Scientific evidence links these environmental—and in some cases, irreversible—changes to increasing amounts of carbon dioxide collecting in the Earth’s atmosphere. Scientists are urgently searching for ways to shift the world’s reliance from fossil fuels like coal and oil, which release carbon dioxide and other heat-trapping gases when burned, to renewable energy sources.

Led by University of Michigan Professor of Chemical Engineering Suljo Linic, five U.S. chemists met in September 2017 in Dalian, China, with their counterparts from China, Germany, Japan, and the United Kingdom to assess the current state of solar energy science and technology.

Increasing the world’s solar energy capacity is key to reducing carbon dioxide emissions and ultimately, removing it from the atmosphere, according to recommendations the global delegation jointly published in a new white paper.

However, existing research priorities must pivot.

“To compete with fossil fuels, solar energy devices must become cheaper and easier to manufacture while also becoming more efficient. This will require new materials, new module designs, and a better understanding of the

fundamental processes behind solar energy,” says Linic.

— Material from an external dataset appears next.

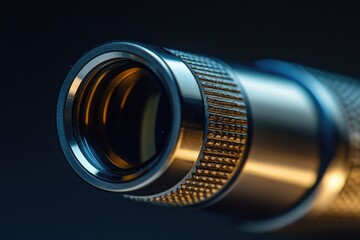 Poster - Close-up shot of a camera lens on a black background, ideal for photography-related projects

Among the recommendations are:

  • Investing in research that increases understanding of fundamental processes associated with solar water splitting technologies to produce affordable and sustainable solar hydrogen.
  • Creating a know-how to design and synthesize complex multifunctional materials that can meet the high-efficiency requirements in sunlight-driven processes.
  • Developing a materials discovery program that places a greater emphasis on using computational models, which can predict materials’ properties and help researchers select which to test in the lab.
  • Increasing international and interdisciplinary collaboration on analytical techniques to share expertise and best practices.
  • Adopting a standardized method of measuring solar energy materials performance to increase accuracy of device comparisons.

The American Chemical Society (ACS) selected Linic and four other leading chemists to represent the United States at the 7th Chemical Sciences and Society Summit (CS3), which was held in China in September 2017.

The funding agencies and chemical societies of the five participating countries developed the CS3 series to unite leading researchers in the chemical sciences. Participants identify how chemical research can contribute to key societal challenges, such as climate change.

The U.S. delegation included: Suljo Linic (University of Michigan), Harry Atwater (California Institute of Technology), and Gordana Dukovic (University of Colorado at Boulder), Vivian Ferry (University of Minnesota), and Jerry Meyer (University of North Carolina). The U.S. National Science Foundation supported the delegation.